Veteran news anchor Carol Marin made headlines in 1997 when she resigned from NBC-owned WMAC-TV in Chicago after the station hired Jerry Springer for on-air commentaries--an instance in which principle won out over profit in broadcasting.

After stints as a correspondent on “60 Minutes II” and an anchor for another TV station in Chicago, Marin has found gainful employment again. She’ll be the host of the pilot for a possible prime-time PBS series: “Endgame: Ethics and Values in America,” airing Sept. 18.

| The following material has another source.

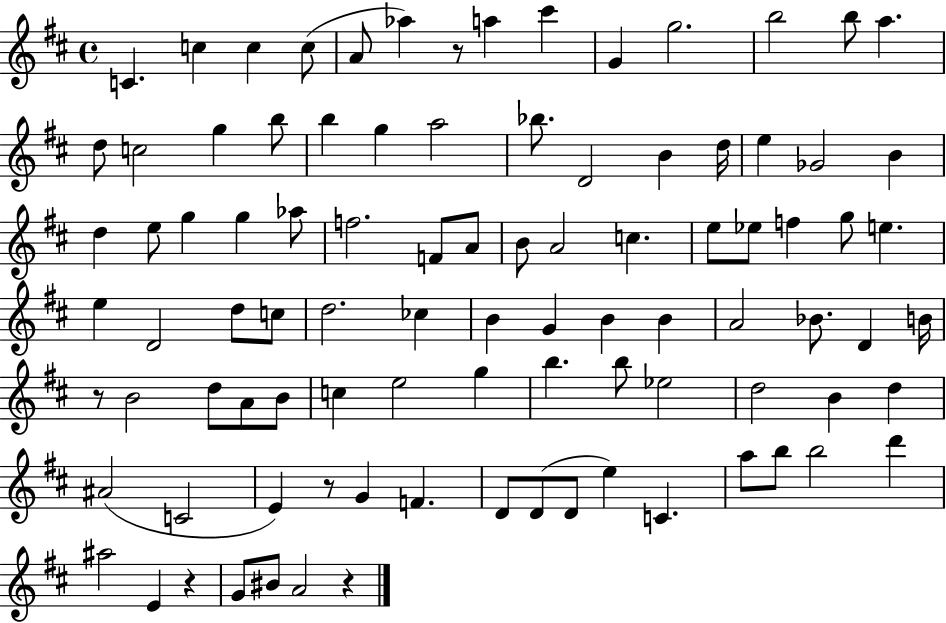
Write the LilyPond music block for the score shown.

The pilot will focus on the question, “Do you turn in someone who’s close to you when you know they’ve done something wrong?” Among the guests: the brother of Unabomber Theodore Kaczynski.

QUICK TAKES

Following concerts at the Hollywood Bowl last month and Verizon Wireless Amphitheater Sept. 15, The Who will play its smallest Los Angeles venue in decades when it headlines the Greek Theatre on Sept. 17. Tickets go on sale Aug. 11.... Alec Baldwin and Ellen DeGeneres will be the first stars to take over the center square in the revamped “Hollywood Squares,” replacing Whoopi Goldberg.... Jim Carrey will re-team with Tom Shadyac, who directed him in “Liar Liar” and “Ace Ventura: Pet Detective.” Carrey will play a disconsolate TV reporter in the comedy “Bruce Almighty.” Jennifer Aniston is the female lead....A. Alfred Taubman, former chairman of Sotheby’s auction house, has begun a one-year prison term in Minnesota for fixing art auction prices.